Question

Two circular coils $X$ and $Y$ have equal number of turns and carry equal currents in the same sense and subtend the same solid angle at point $\left( O \right)$ . If the smaller coil $X$ is midway between $O$ and $Y$ , then if we represent magnetic induction due to bigger coil $Y$ at $O$ as ${B_Y}$ , and that due to smaller coil $X$ at $O$ as ${B_X}$ , then
A. $\dfrac{{{B_Y}}}{{{B_X}}} = 1$
B. $\dfrac{{{B_Y}}}{{{B_X}}} = 2$
C. $\dfrac{{{B_Y}}}{{{B_X}}} = \dfrac{1}{2}$
D. $\dfrac{{{B_Y}}}{{{B_X}}} = \dfrac{1}{4}$

Answer 1

In this question, we are given two coils carrying the same current and having the same number of turns. As they subtend the same solid angle at point $O$ and the smaller coil is midway between the larger coil and point $O$ . By using geometry we can say, Radius of the larger coil is twice the radius of smaller coil and we can find out the magnetic field due to coil at a distance $x$ using the formula $B = \dfrac{{{\mu _0}NI{R^2}}}{{2{{\left( {{R^2} + {x^2}} \right)}^{3/2}}}}$
Magnetic field due at the axis of a circular current-carrying coil, $B = \dfrac{{{\mu _0}NI{R^2}}}{{2{{\left( {{R^2} + {x^2}} \right)}^{3/2}}}}$
Where $B$ is the magnetic field at the axis
$R$ is the radius of the coil
$I$ is the current carried by the coil
$N$ is the number of turns in the coil
$x$ is the distance from the center of the coil.
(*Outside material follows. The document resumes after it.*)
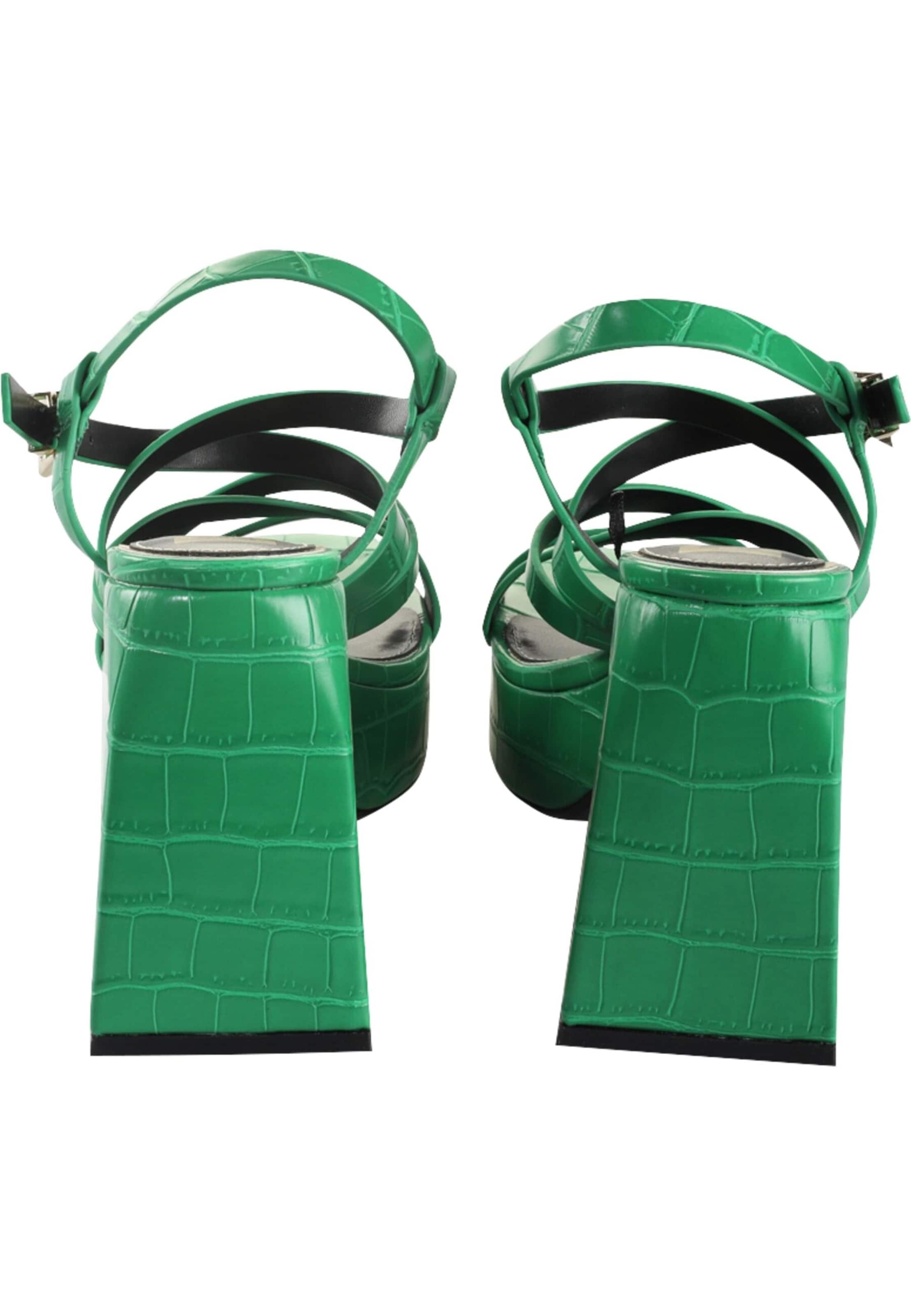 BUFFALO Strap sandal 'Sydney' in Green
Complete step by step answer:
We are given two coils $X$ and $Y$ having an equal number of turns $N$ and carrying an equal amount of current $I$
Distance of centre of coil $X$ from the point $O$ is $d$
As coil $X$ is midway between $Y$ and $O$ ,
Distance of centre of coil $Y$ and $O$ is $2d$
Let radius of coil $Y$ be $R$ and radius of coil $X$ be $r$
Both the coils subtend same angle at point $O$ thus,
$\dfrac{r}{d} = \dfrac{R}{{2d}}$
$\Rightarrow R = 2r$
Now, the magnetic field at point $O$ due to bigger coil $Y$ , ${B_Y} = \dfrac{{{\mu _0}NI{R^2}}}{{2{{\left( {{R^2} + {{\left( {2d} \right)}^2}} \right)}^{3/2}}}}$
Substituting $R = 2r$ we get,
$\Rightarrow {B_Y} = \dfrac{{{\mu _0}NI\left( {4{r^2}} \right)}}{{2{{\left( {4{r^2} + 4{d^2}} \right)}^{3/2}}}}$
$\Rightarrow {B_Y} = \dfrac{{{\mu _0}NI\left( {4{r^2}} \right)}}{{2 \times 8{{\left( {{r^2} + {d^2}} \right)}^{3/2}}}}$
$\Rightarrow {B_Y} = \dfrac{{{\mu _0}NI{r^2}}}{{4{{\left( {{r^2} + {d^2}} \right)}^{3/2}}}}$
Magnetic field at point $O$ due to smaller coil $X$ , ${B_X} = \dfrac{{{\mu _0}NI{r^2}}}{{2{{\left( {{r^2} + {d^2}} \right)}^{3/2}}}}$
Therefore, $\dfrac{{{B_Y}}}{{{B_X}}} = \dfrac{{\dfrac{{{\mu _0}NI{r^2}}}{{4{{\left( {{r^2} + {d^2}} \right)}^{3/2}}}}}}{{\dfrac{{{\mu _0}NI{r^2}}}{{2{{\left( {{r^2} + {d^2}} \right)}^{3/2}}}}}} \Rightarrow \dfrac{1}{2}$
$\dfrac{{{B_Y}}}{{{B_X}}} = \dfrac{1}{2}$
Hence, the correct option is option C.

Note:
Magnetic field at the center of the coil is maximum and is equal to ${B_X} = \dfrac{{{\mu _0}NI}}{{2R}}$ . The magnetic field along the axis of the coil keeps on decreasing as we move away from the center of the coil and at far points, $x \gg R$ magnetic field becomes, $B = \dfrac{{{\mu _0}NI{R^2}}}{{2{x^3}}}$ .